> _WORK TO BE COMPLETED_
Please restate word for word the lines from the top of the entries through the line that contains "2025 Toyota Tundra Platinum HV", and do not include any pictures.
TASK DATA Start Marker
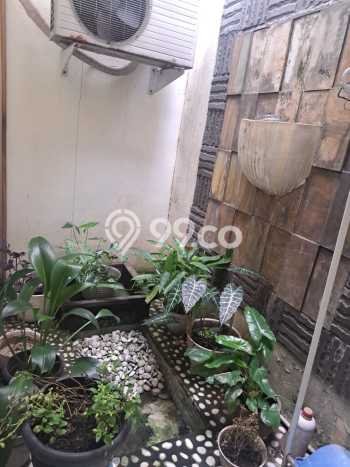 Rumah Minimalis 2 KT di Bintaro Tangerang Selatan Semi Furnished Rumah Minimalis 2 KT di Bintaro Tangerang Selatan Semi Furnished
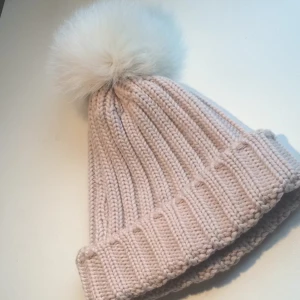  - Oanvänd ljusrosa mössa, kan skickas eller mötas upp i Stickholms innerstad 💕 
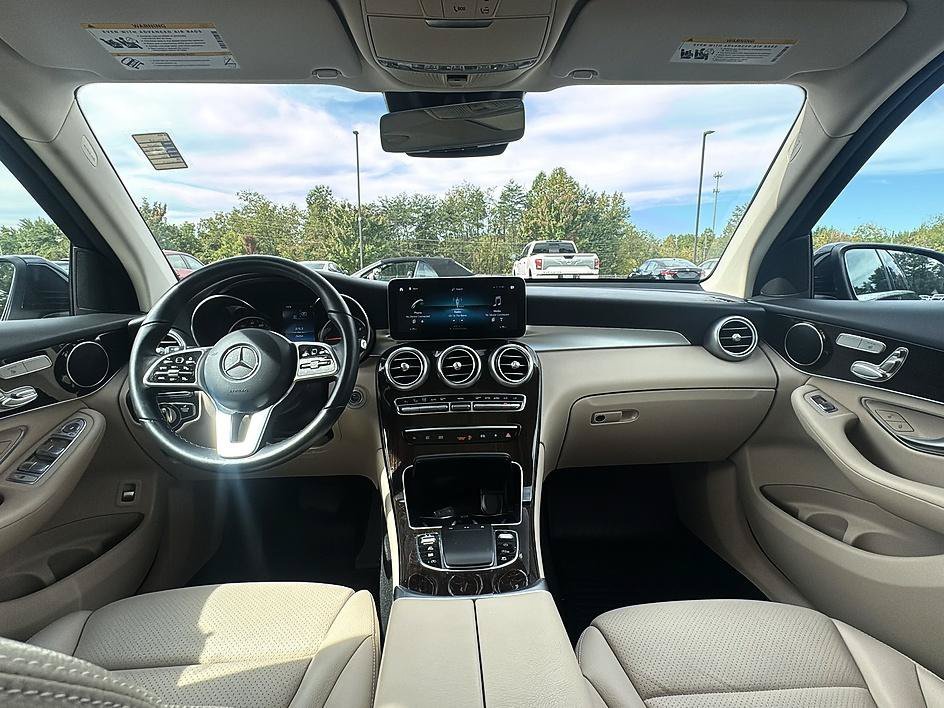 Used 2022 Lunar Blue Metallic Mercedes-Benz GLC 300 image 28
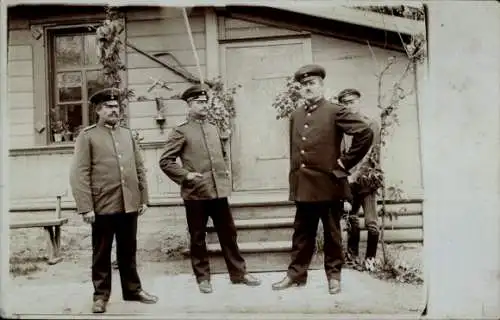 Foto Ak Deutsche Soldaten in Uniformen, Kaiserzeit, Wohnhaus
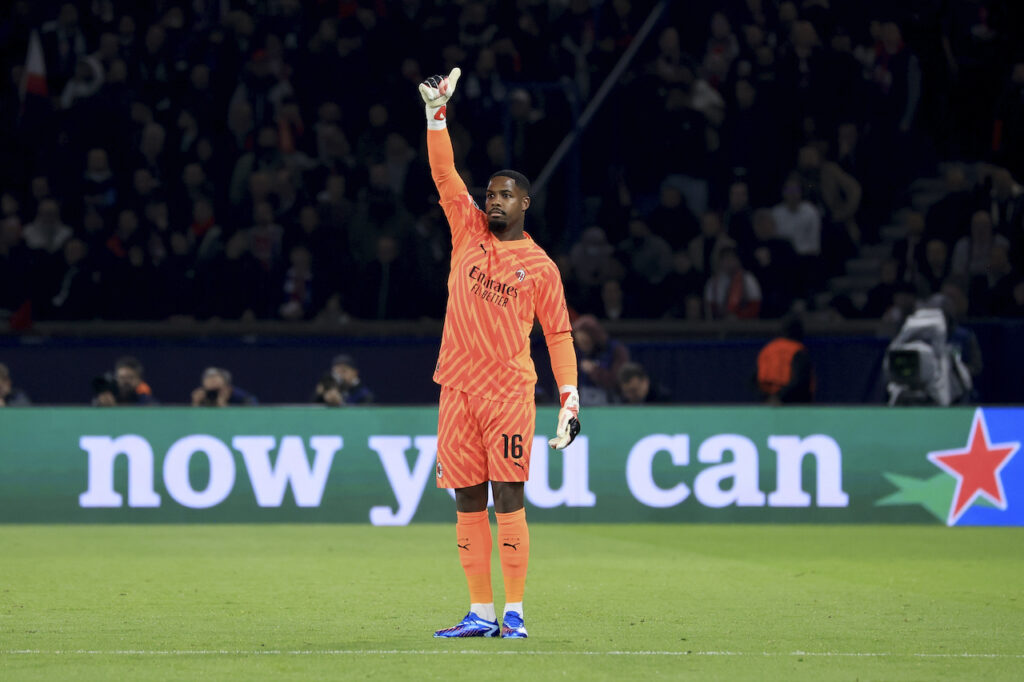 Mike Maignan AC Milan PSG-Milan 3-0 Champions League 2023-2024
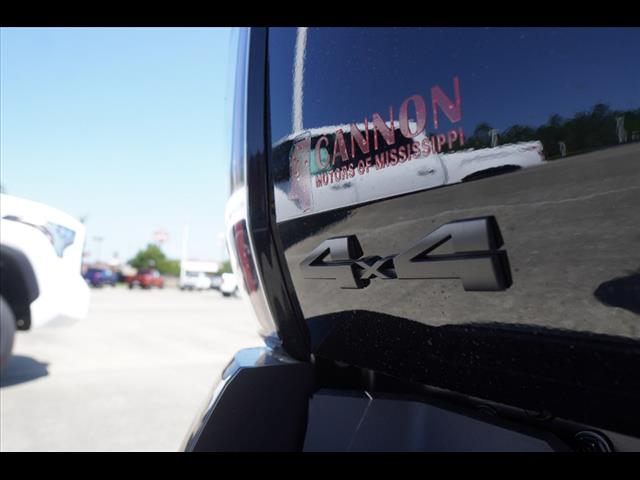 2025 Toyota Tundra Platinum HV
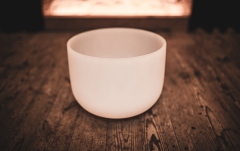 Bol de meditație Meinl Crystal Singing Bowl, white-frosted, 12" / 30 cm, Note E4, Solarplexus Chakra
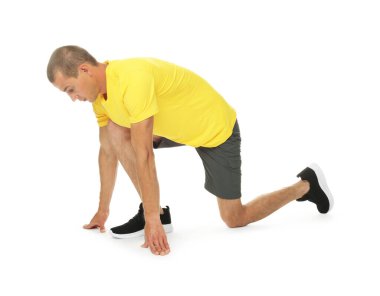 Beyaz arkaplanda başlangıç konumunda çalışan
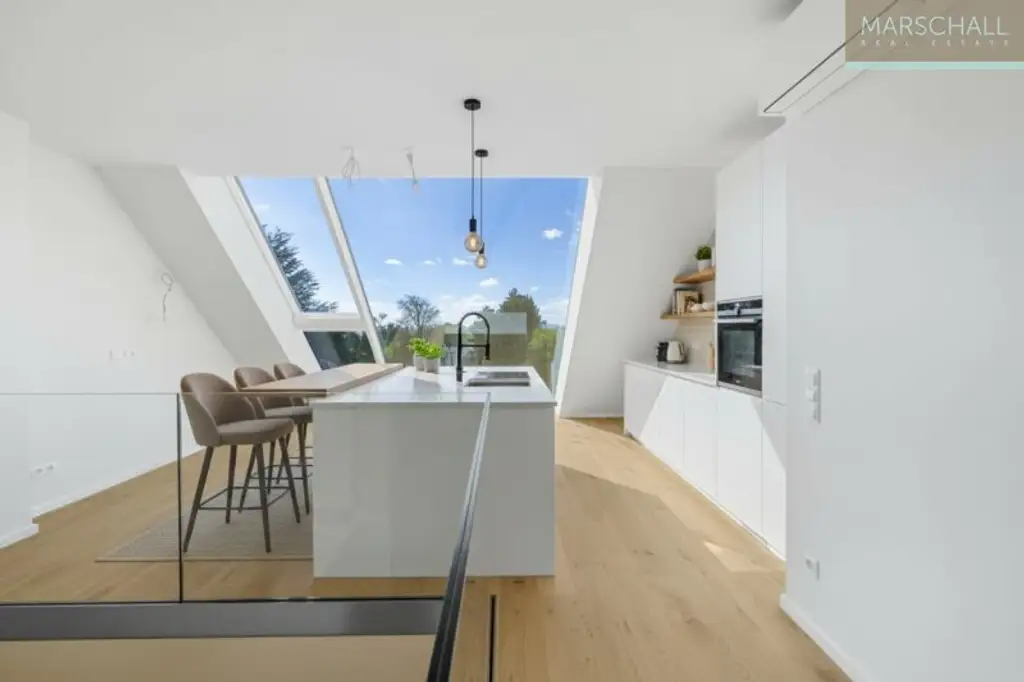 Wunderschönes Penthouse mit herrlichem Blick und Dachterrasse in Prestige Lage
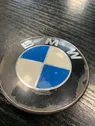 Manufacturer badge logo/emblem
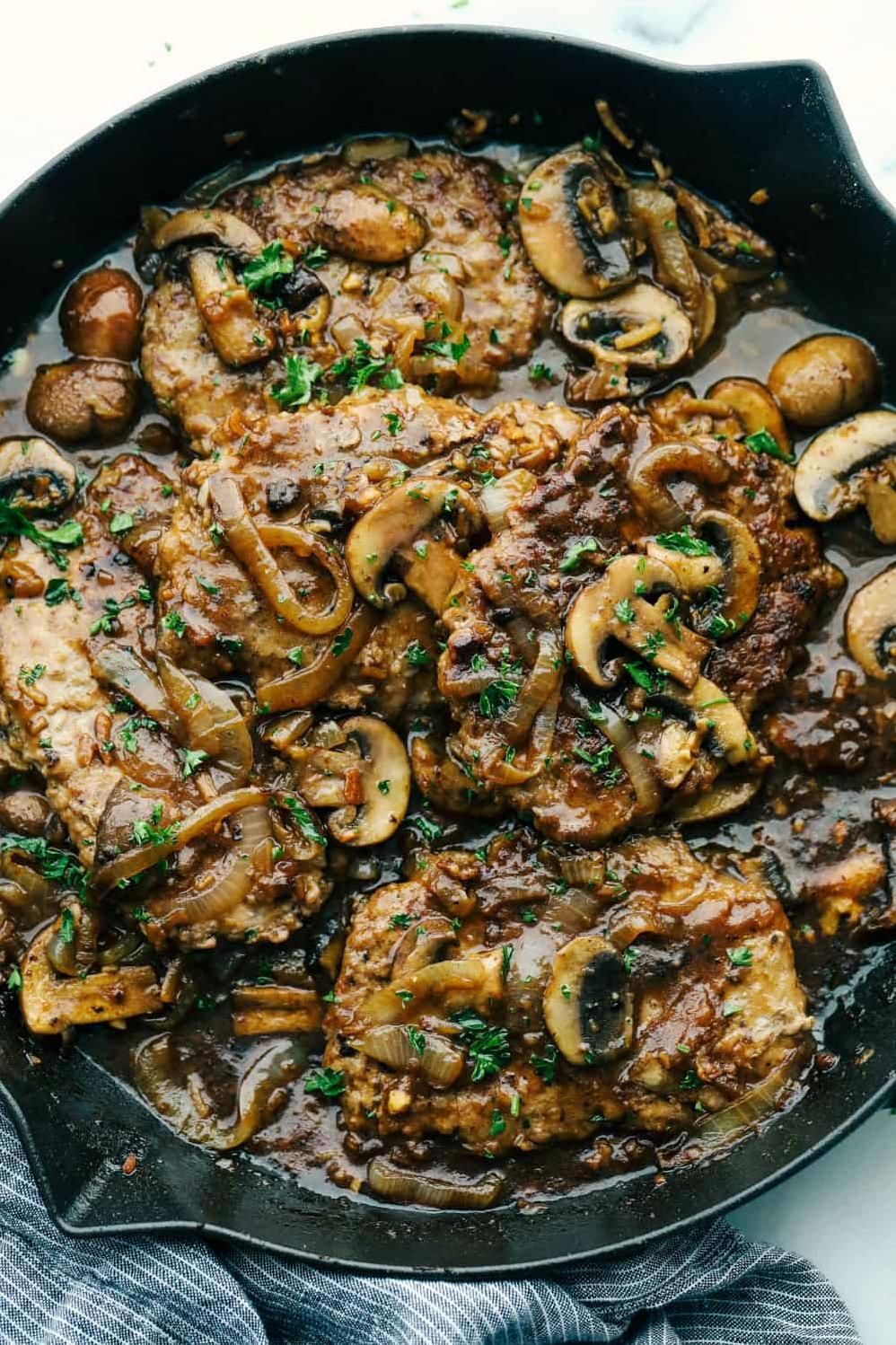 Minute Steak With Wine, Mushrooms and Onion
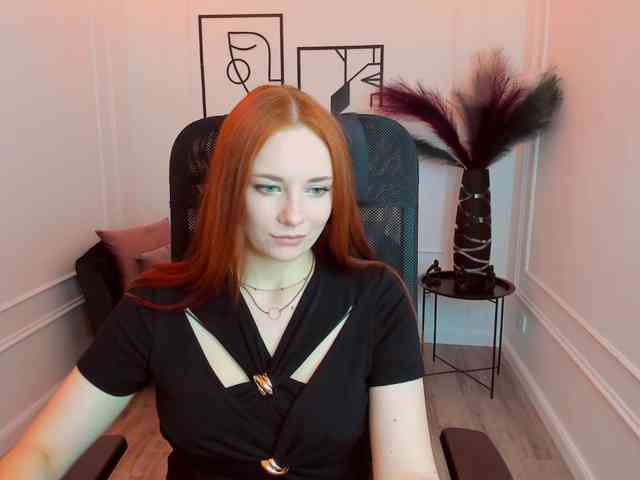 TinaGeroll webcam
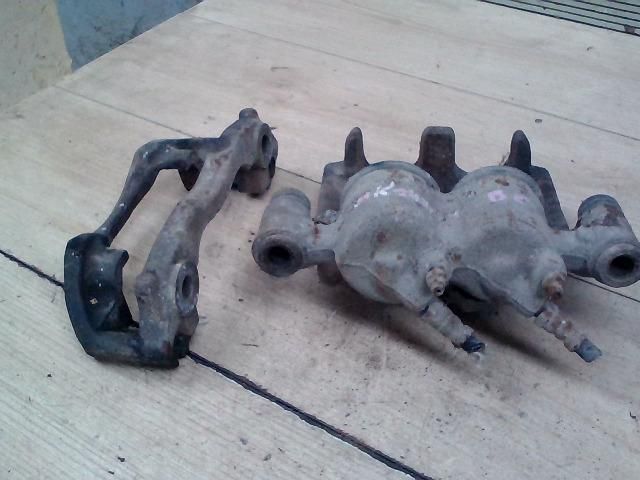 bontott PEUGEOT BOXER Bal első Féknyereg Munkahengerrel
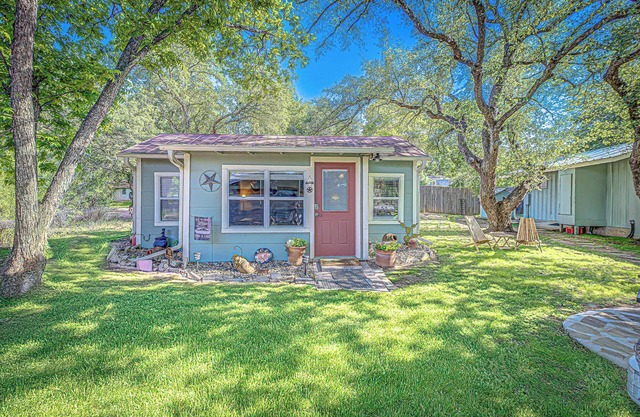 Kingsland Duo – 2 Cottages in 1 w/Lakeview!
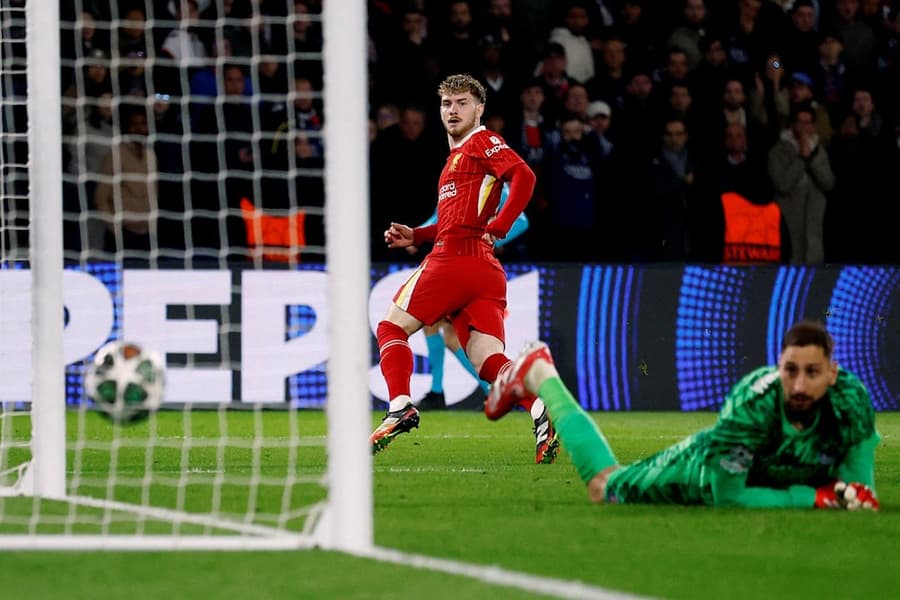 Liverpool's Elliott nabs last-gasp winner against dominant PSG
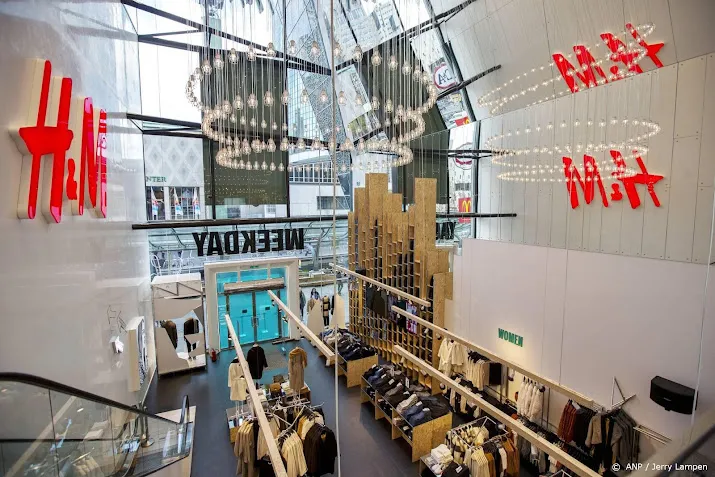 hm ziet winst meer dan verdubbelen na versoepelingen lockdowns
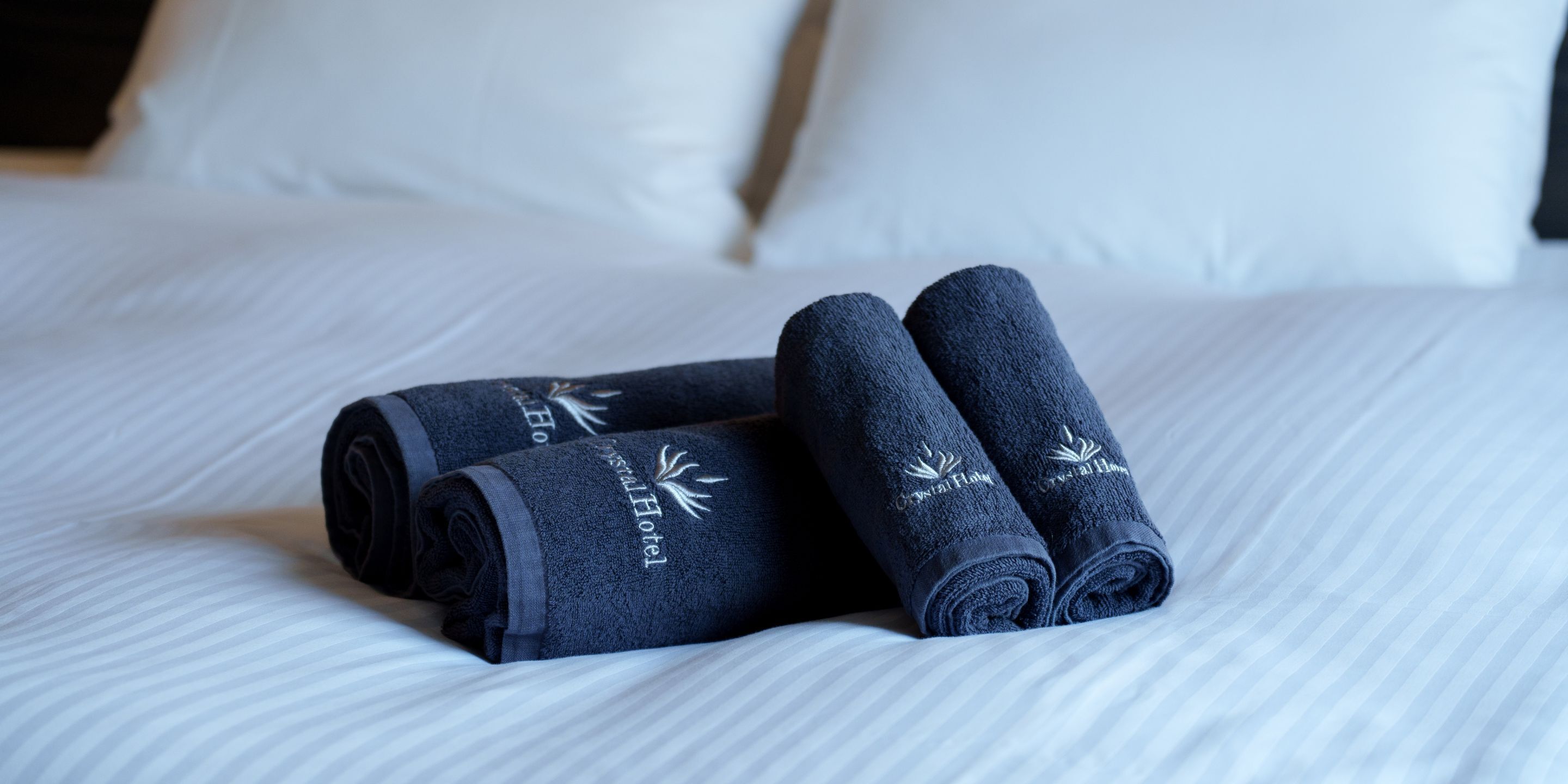 separate bathtub and shower, deep-soaking bathtub, free toiletries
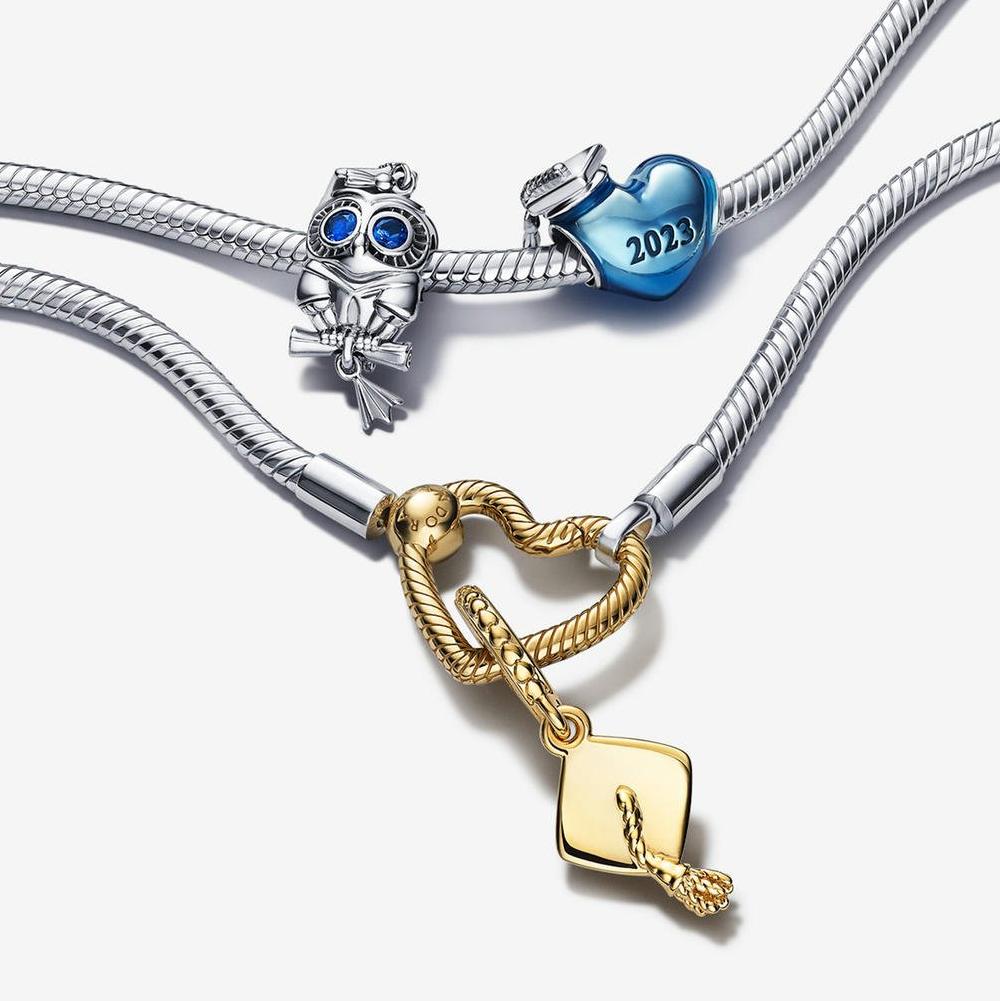 Due bracciali con charm in argento, con 3 charm a tema sui traguardi raggiunti in argento, smalto blu e placcatura in oro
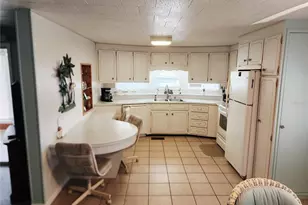 603 Cyprus Ct, Bradenton, FL 34207 - Photo 6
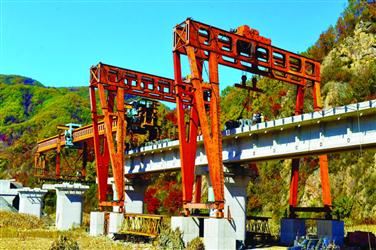 田桓铁路建设者节日不停工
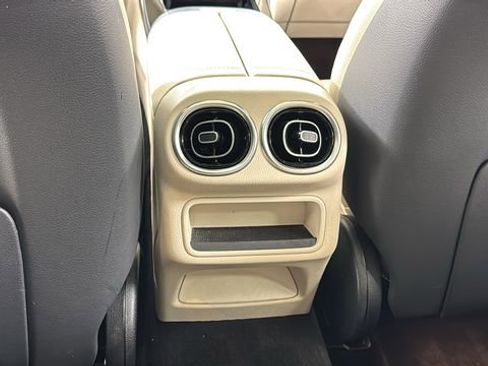 Used 2024 Mercedes-Benz GLC 300 GLC 300 image 39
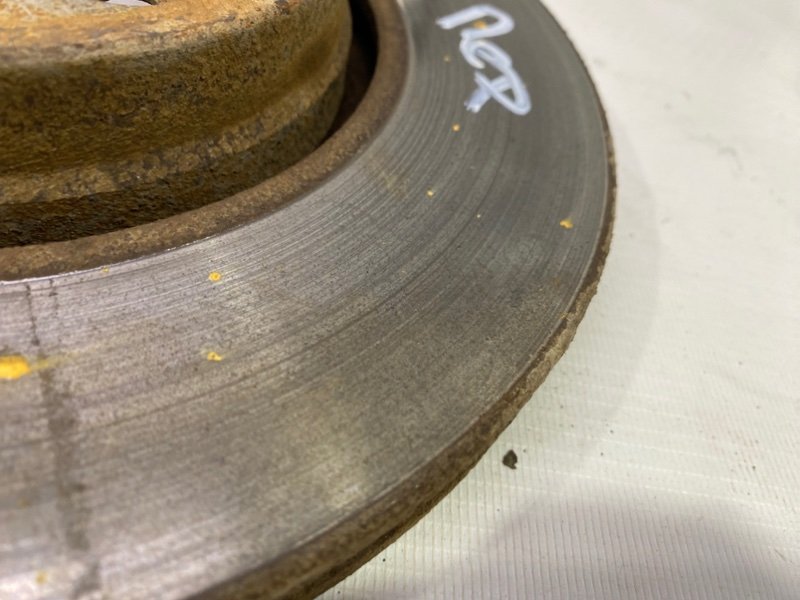 Тормозной диск Lada Largus 2013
TASK DATA End Marker
> _EXERCISE RESULT_
 Rumah Minimalis 2 KT di Bintaro Tangerang Selatan Semi Furnished Rumah Minimalis 2 KT di Bintaro Tangerang Selatan Semi Furnished
  - Oanvänd ljusrosa mössa, kan skickas eller mötas upp i Stickholms innerstad 💕 
 Used 2022 Lunar Blue Metallic Mercedes-Benz GLC 300 image 28
 Foto Ak Deutsche Soldaten in Uniformen, Kaiserzeit, Wohnhaus
 Mike Maignan AC Milan PSG-Milan 3-0 Champions League 2023-2024
 2025 Toyota Tundra Platinum HV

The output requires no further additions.